The Balance sheet on page 48 shows that the net asset value per share has increased over the last year to 71.9 pence per share (2016: 71.6 pence per share). The increase in net asset value is attributed to the total return of 4.3 pence per share offset by the payment of 4.0 pence per share of dividends.
The cash inflow for the year reflected the issue of new shares under the Albion VCTs Top Up Offers which raised £9.1 million and £8.2 million from the disposal of investments and receipt of deferred consideration. This was utilised by the £6.6 million of new investments, dividends paid of £3.3 million and the buyback of £1.7 million of shares.
A review of the Company's business during the year and future prospects is contained in the Chairman's statement on pages 7 to 9 and in this Strategic report.
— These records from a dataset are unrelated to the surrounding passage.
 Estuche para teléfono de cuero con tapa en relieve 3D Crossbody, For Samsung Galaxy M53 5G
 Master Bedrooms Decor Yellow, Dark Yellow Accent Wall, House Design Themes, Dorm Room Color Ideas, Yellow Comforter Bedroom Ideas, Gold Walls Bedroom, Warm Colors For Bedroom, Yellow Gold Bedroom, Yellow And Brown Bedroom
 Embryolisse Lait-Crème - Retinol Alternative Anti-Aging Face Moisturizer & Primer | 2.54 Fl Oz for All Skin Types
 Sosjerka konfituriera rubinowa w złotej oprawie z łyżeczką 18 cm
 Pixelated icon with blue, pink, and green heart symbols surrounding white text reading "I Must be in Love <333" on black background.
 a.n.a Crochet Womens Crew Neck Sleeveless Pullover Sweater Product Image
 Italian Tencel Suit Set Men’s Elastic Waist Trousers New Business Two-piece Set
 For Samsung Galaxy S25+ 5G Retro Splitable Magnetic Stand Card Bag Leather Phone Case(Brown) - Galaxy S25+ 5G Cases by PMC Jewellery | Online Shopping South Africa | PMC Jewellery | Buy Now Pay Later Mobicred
In light of the new VCT regulations set out in the recent Finance Act, asset-based investments will begin to decrease as a proportion of the portfolio, and greater emphasis will be given to growth and technology investments.
Details of significant events which have occurred since the end of the financial year are listed in note 19. Details of transactions with the Manager are shown in note 5.
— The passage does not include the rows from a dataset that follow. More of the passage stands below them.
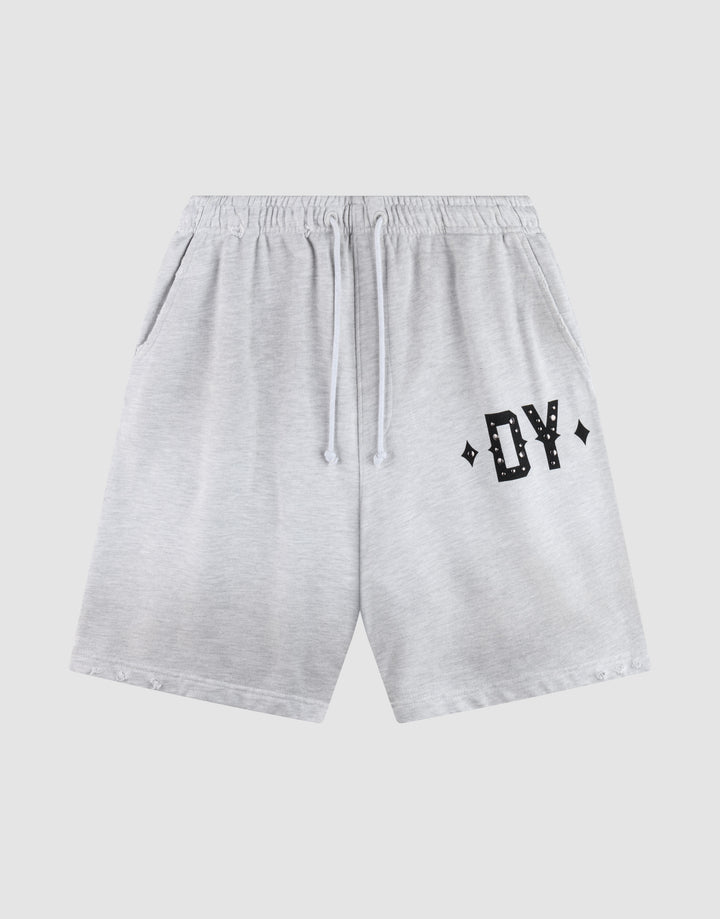 The DY Rivet Shorts by LIVE FAST DIE YOUNG feature a light gray color, elastic waistband with drawstring, side pockets, and black DY lettering with diamond accents. Made from 100% Baumwolle in an Oversize Fit for maximum comfort. | plain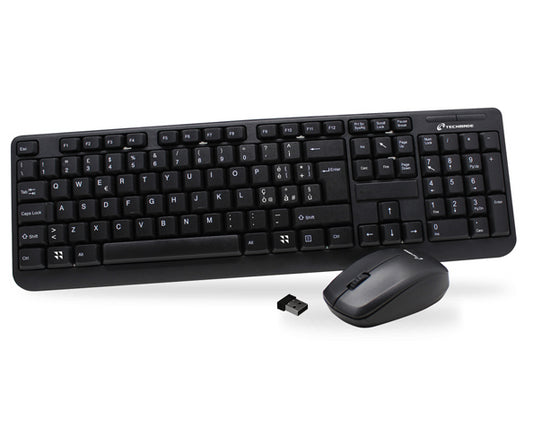 Techmade Kit Tastiera + Mouse Wireless Pkf-518+Pmf-446 Black Pc Computer Nero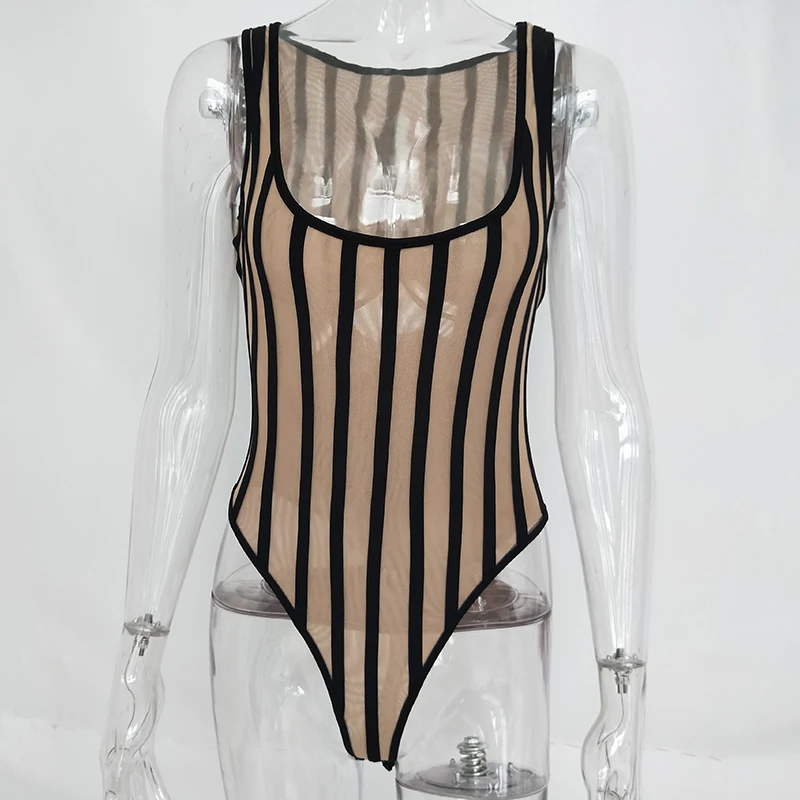 Articat Striped Mesh Sexy Bodysuit Women Sleeveless V Neck Summer Slim Rompers Womens Jumpsuit Black Casual Playsuit Women Tops Articat Striped Mesh Sexy Bodysuit Women Sleeveless V Neck Summer Slim Rompers Womens Jumpsuit Black Casual Playsuit Women Tops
The investment policy is designed to ensure that the Company continues to qualify and is approved as a VCT by HMRC. In order to maintain its status under Venture Capital Trust legislation, a VCT must comply on a continuing basis with the provisions of Section 274 of the Income Tax Act 2007, details of which are provided in the Directors' report on page 29.
The relevant tests to measure compliance have been carried out and independently reviewed for the year ended 31 December 2017. These showed that the Company has complied with all tests and continues to do so.
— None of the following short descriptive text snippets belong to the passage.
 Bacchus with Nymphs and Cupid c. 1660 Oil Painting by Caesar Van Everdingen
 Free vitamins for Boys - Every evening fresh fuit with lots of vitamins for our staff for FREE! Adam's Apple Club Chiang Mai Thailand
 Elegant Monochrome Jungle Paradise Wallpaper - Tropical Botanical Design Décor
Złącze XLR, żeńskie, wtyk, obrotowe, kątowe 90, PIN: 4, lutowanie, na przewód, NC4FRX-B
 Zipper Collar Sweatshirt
The Finance Act 2017 contained a number of measures that affects all VCTs. These include:
• a principles-based test for qualifying companies to ensure that investment activities focuses on higher risk opportunities;
As outlined in the Chairman's statement, the Company's portfolio is well balanced across sectors and risk classes. The performance of the growth and technology investments in recent years gives the Board a degree of confidence in the future performance of the Company, as does the proportion of portfolio companies that are profitable. The Manager has a strong pipeline of investment opportunities in which the Company's cash can be deployed.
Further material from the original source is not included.